The most common concern is how the cameras will affect the level of privacy of locals in the market. A memo to the council from Emergency and Protective Services General Manager Anthony Di Monte suggests that a Privacy Impact Assessment should be conducted for the CCTV plan.
Ann Cavoukian, the former Ontario information and privacy commissioner, says municipalities and organizations that consider CCTV surveillance, they must take great care in terms of planning and control.
Misuse of surveillance footage
Another concern of the CCTV is that the information may be used for more than what it was originally intended.
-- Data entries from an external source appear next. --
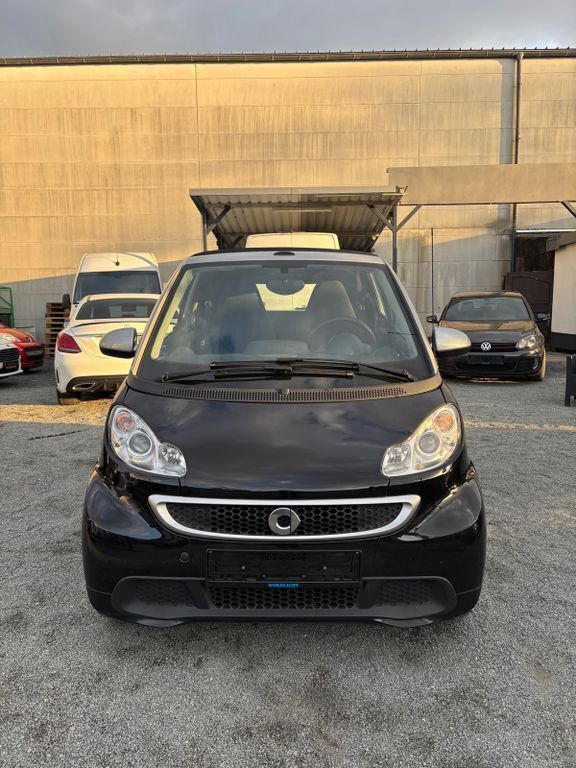 Silber Gebraucht 2012 Smart ForTwo Cabrio Cabrio | 5.400 € (Fairer Preis) - Bild 1/4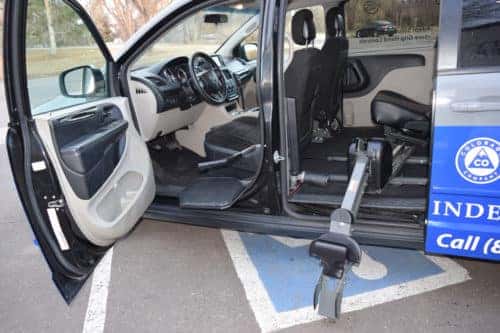 Speedy-Lift picking up chair (Adapt Solutions Product)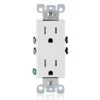 Prise Decora Intempérisé Inviolable De 15 A / 125 V, Blanc -GAGNON Quincaillerie b809a64e7131d13296bb8ed190e365bfad71c327 77572771 001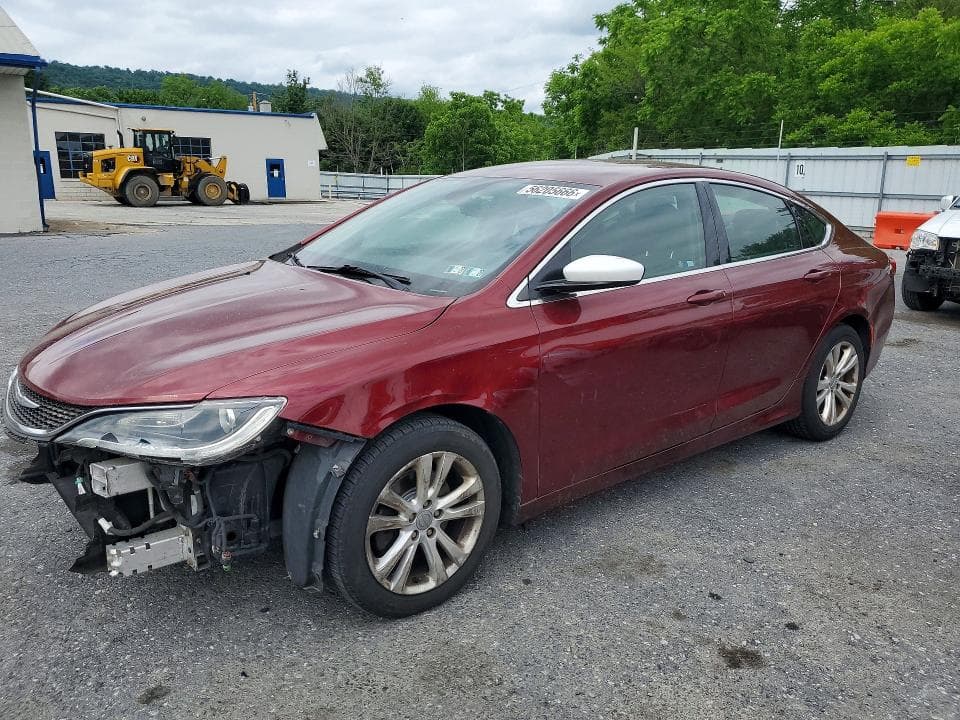 2015 Chrysler 200 Limited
To ensure confidentiality, there will have to be safeguards to ensure the proper protection of stored footage. Sarp Kizir, a co-founding member of the coalition, identified concerns his group has about CCTV cameras.
These include the marginalization of people struggling with homelessness and addiction, the criminalization of racialized communities and locals with mental illnesses, as well as the fact that CCTV cameras are susceptible to misuse by operators. This latter concern has also been shown by operators using CCTV surveillance to engage in voyeurism.
Although the recent city budget did not include the cost of a CCTV pilot, the coalition says it believes it would cost tens of thousands of dollars simply to acquire the necessary equipment.
Other factors to consider include the cost of monitoring, maintenance, as well as recording and storing information. In Toronto, the police received a grant of $3 million to add 40 cameras to its existing network.
Cameras don’t get to the root causes of crime
Thomas Brawn, a long-time ByWard Market busker, says that even if the cameras deter crime, that does not tackle the problem of why people are desperate enough to commit the crimes.
“Ten dollars looks like $100 to a user, and that’s why they stand there and look at my hat,” he says.
Kizir agrees that attention is not being given to the core issue. “Panelists brought up the reality that the focus needed to be on the underlying issues that cause violence to happen in communities,” Kazir said in a written statement.
“More resources need to be dedicated towards healing and not the persecution of marginalized people,” Kizir wrote.
Last month the city proposed that Ottawa Police should take over the CCTV pilot project. A media relations officer from the Ottawa Police Service said that “it is too early for Ottawa Police to weigh in further on this matter, at this time.”